在一个可选的实施方式中,如图2所示,针对上述步骤S105,确定所述肢体特征点的监督类型,并基于所述监督类型修正所述初始训练标签,包括如下过程:
步骤S1051,确定所述肢体特征点的特征信息,其中,所述特征信息用于指示对应肢体特征点和所述目标样本图像之间的位置关系,和/或,用于指示对应肢体特征点是否为待检测部位的特征点;
步骤S1052,基于所述特征信息,确定所述肢体特征点的监督类型;
步骤S1053,在基于所述监督类型确定所述肢体特征点的初始训练标签满足修正条件的情况下,基于所述监督类型修正所述初始训练标签。
在本公开实施例中,在按照上述内容所描述的方式对样本图像进行图像遮挡处理和/或图像裁剪处理,得到目标样本图像之后,其实是从样本图像中删除了该检测任务所不需要进行检测的肢体部位,也即,不需要进行监督学习的肢体部位。

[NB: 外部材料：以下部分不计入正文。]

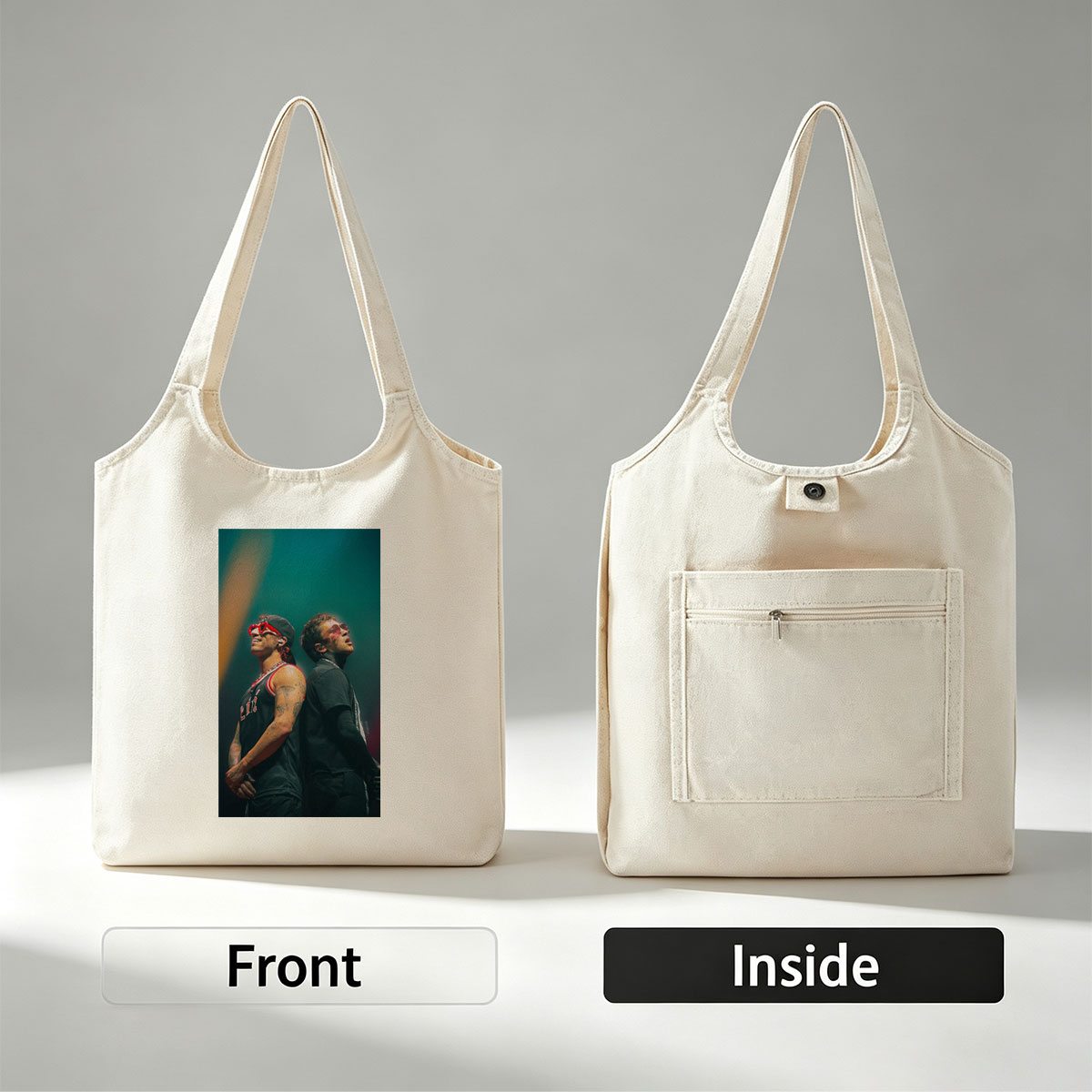 Lil Wayne and The Weeknd on Stage Performing at a Concert - Canvas shoulder bags/
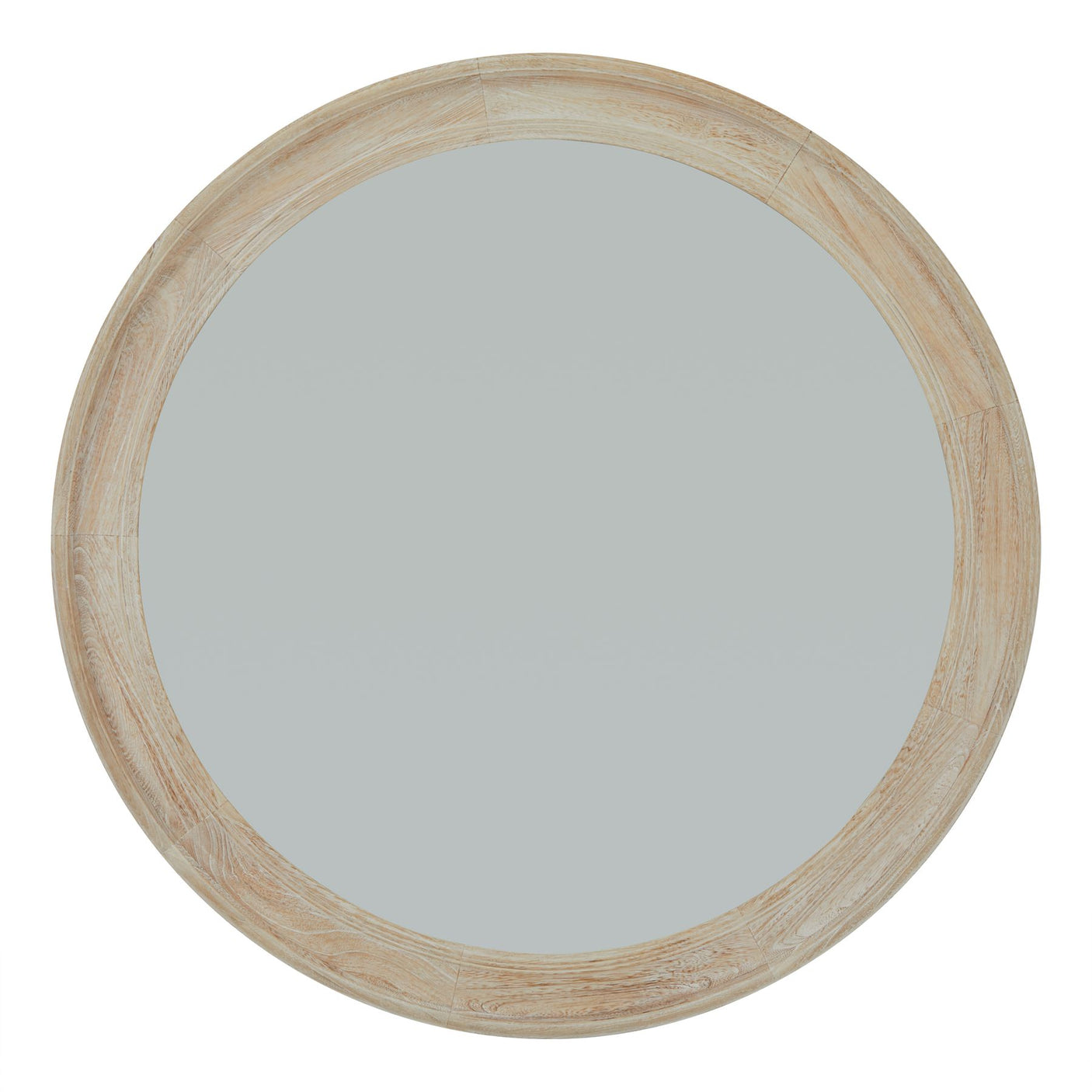 Washed Wood Round Framed Large Mirror - Lacona Home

此时,还需要对该检测任务所不需要进行监督学习的肢体部位的肢体特征点的初始训练标签进行修正。
在对初始训练标签进行修正时,可以确定肢体特征点的特征信息,进而根据该特征信息确定该肢体特征点是否为需要进行监督学习的肢体特征点。
在本公开实施例中,按照肢体特征点的特征信息,可以将肢体特征点的监督类型确定为以下几种类型:
类型一:肢体特征点为监督类特征点,且该肢体特征点位于目标样本图像内。
类型二:肢体特征点为监督类特征点,且该肢体特征点位于目标样本图像外。
针对该类型二,可以理解为该肢体特征点并未包含在目标样本图像内,但是,需要进行监督学习的肢体特征点。
例如,待检测部位为人体的上半身(头部、上身躯干、两个手臂和两个手部)。由于在 对样本图像进行图像遮挡处理和/或图像裁剪处理时,手部的部分部位可能被遮挡和/或裁剪。但是,被遮挡和/或被裁剪的手部部位依然为需要进行检测的肢体部位。此时,被遮挡和/或被裁剪的手部部位所对应的肢体特征点的类型即为上述类型二。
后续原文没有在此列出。